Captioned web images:
---+---

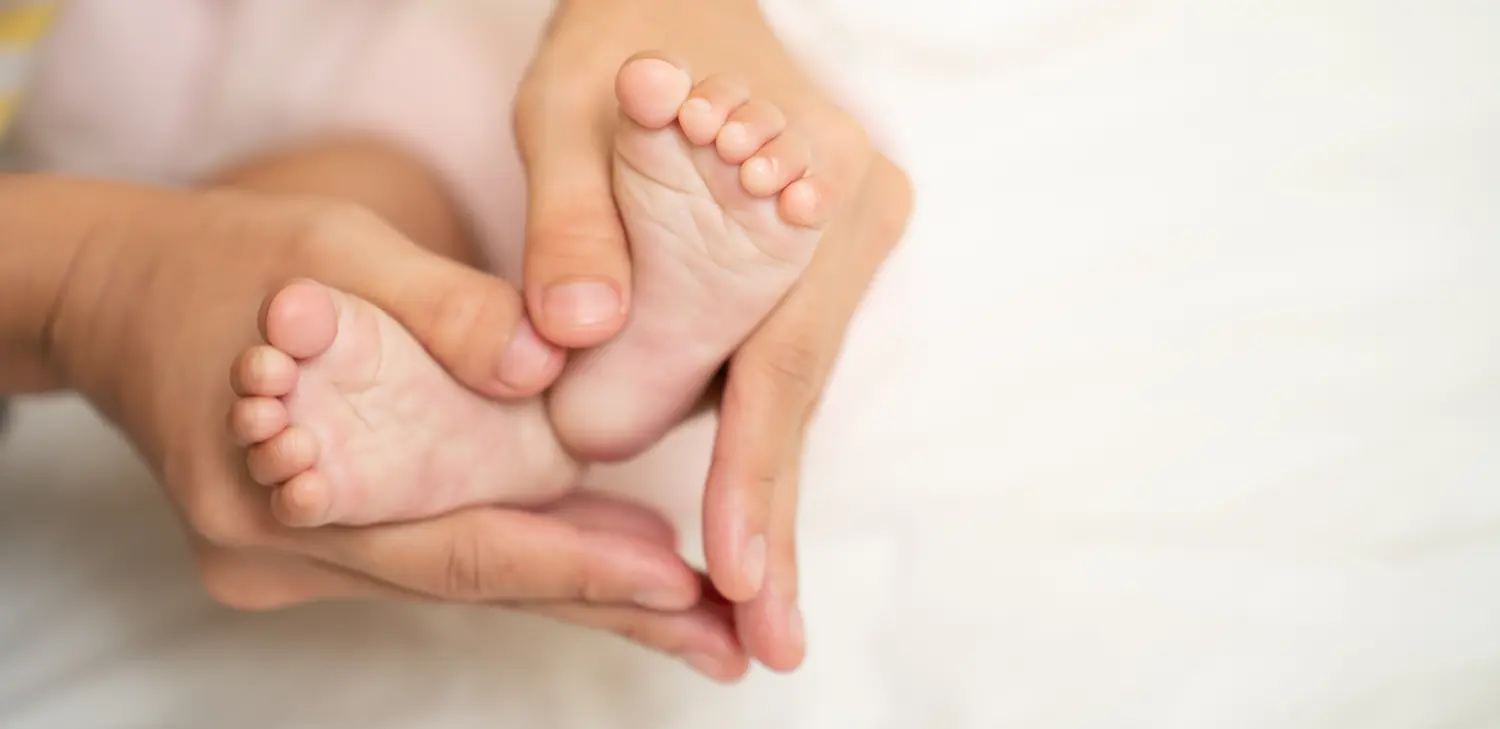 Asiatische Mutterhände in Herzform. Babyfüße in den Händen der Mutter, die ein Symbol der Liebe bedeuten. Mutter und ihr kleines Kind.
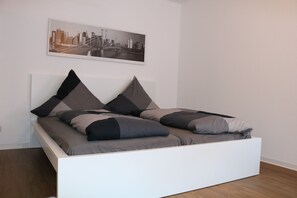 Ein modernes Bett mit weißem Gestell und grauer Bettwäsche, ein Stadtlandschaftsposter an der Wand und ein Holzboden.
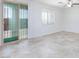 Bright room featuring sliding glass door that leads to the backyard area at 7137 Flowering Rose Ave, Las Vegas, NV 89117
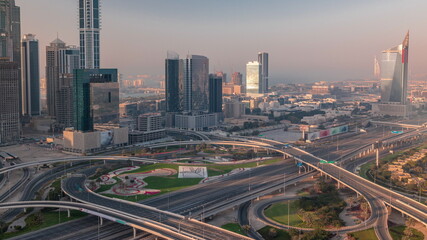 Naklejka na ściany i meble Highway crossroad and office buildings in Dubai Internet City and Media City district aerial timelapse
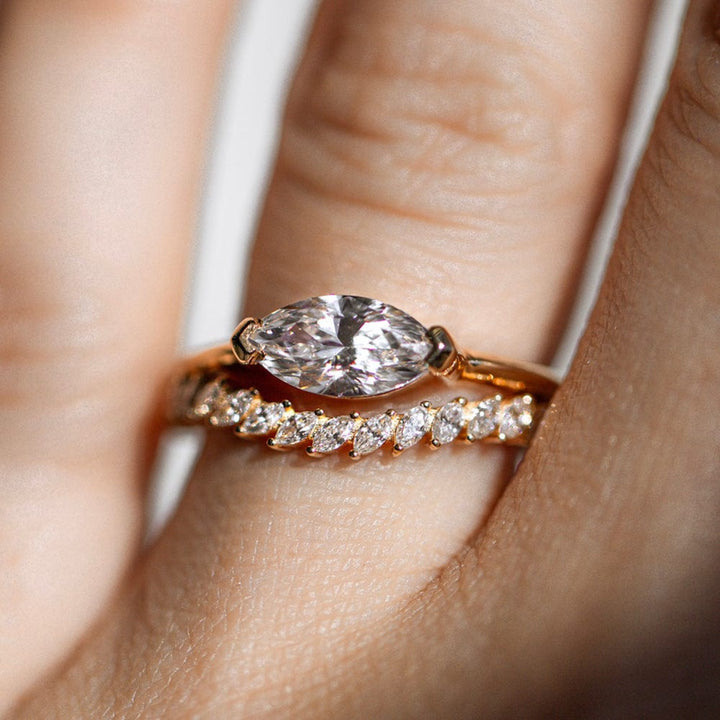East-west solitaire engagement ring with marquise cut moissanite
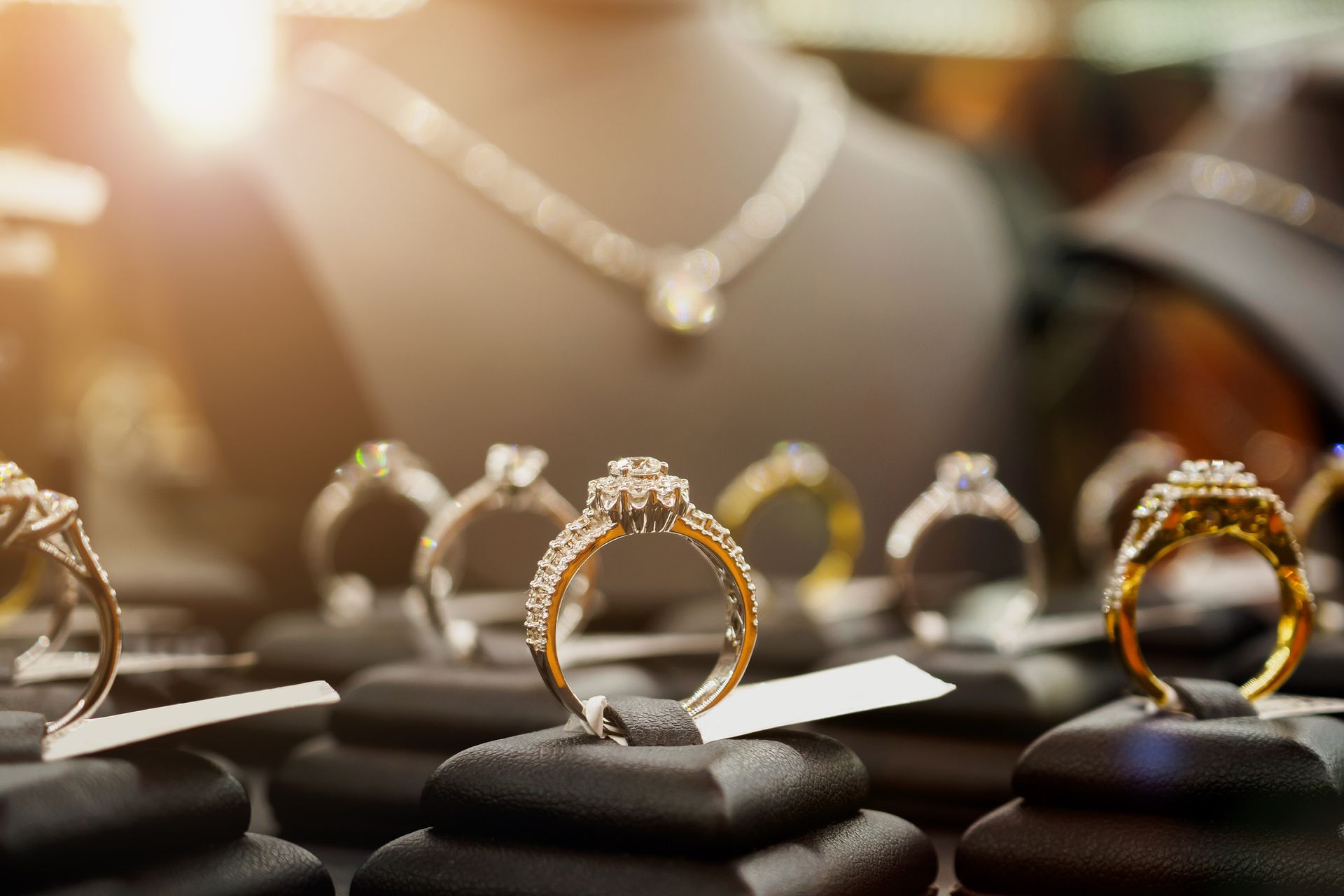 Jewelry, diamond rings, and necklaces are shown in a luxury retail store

---+---

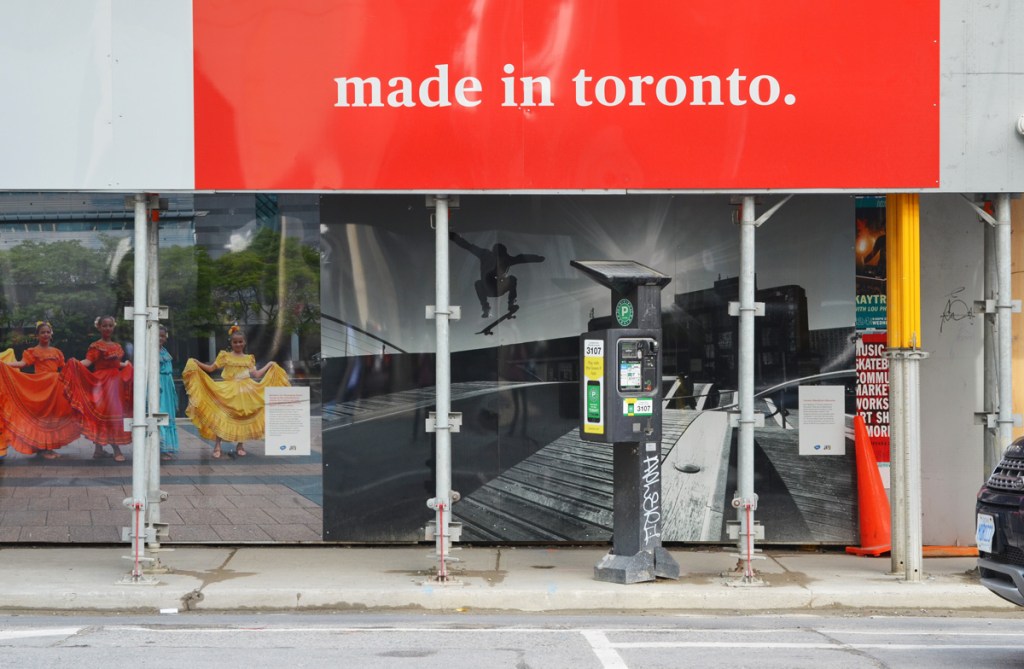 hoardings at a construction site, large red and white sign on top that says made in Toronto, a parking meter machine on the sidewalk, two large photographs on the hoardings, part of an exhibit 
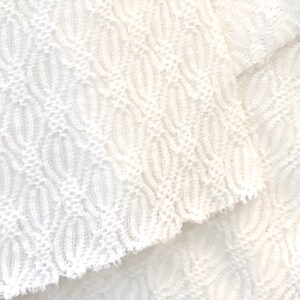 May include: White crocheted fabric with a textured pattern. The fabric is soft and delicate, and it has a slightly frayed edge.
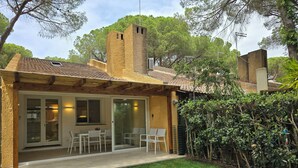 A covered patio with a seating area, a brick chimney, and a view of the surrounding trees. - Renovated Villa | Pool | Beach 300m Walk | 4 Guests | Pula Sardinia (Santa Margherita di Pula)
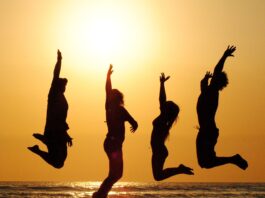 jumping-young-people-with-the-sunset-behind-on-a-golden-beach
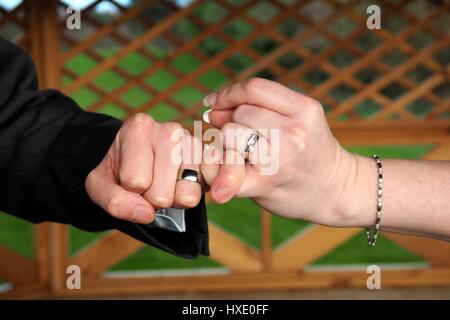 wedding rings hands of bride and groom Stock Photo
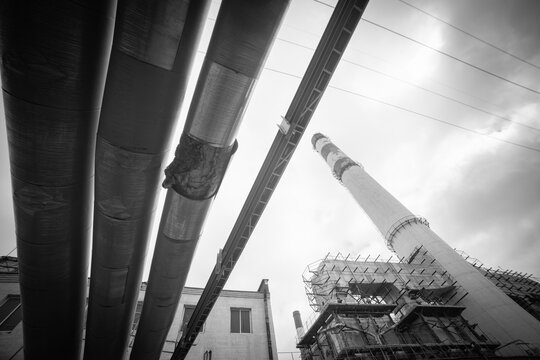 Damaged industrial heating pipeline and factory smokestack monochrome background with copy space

---+---

• [The problem] Repeat only the stretch of data above that runs from the line with "Asiatische Mutterhände in" to the line with "Jewelry, diamond rings, and". Keep both end lines; exclude pictures.

• [Output of the task]
 Asiatische Mutterhände in Herzform. Babyfüße in den Händen der Mutter, die ein Symbol der Liebe bedeuten. Mutter und ihr kleines Kind.
 Ein modernes Bett mit weißem Gestell und grauer Bettwäsche, ein Stadtlandschaftsposter an der Wand und ein Holzboden.
 Bright room featuring sliding glass door that leads to the backyard area at 7137 Flowering Rose Ave, Las Vegas, NV 89117
 Naklejka na ściany i meble Highway crossroad and office buildings in Dubai Internet City and Media City district aerial timelapse
East-west solitaire engagement ring with marquise cut moissanite
 Jewelry, diamond rings, and necklaces are shown in a luxury retail store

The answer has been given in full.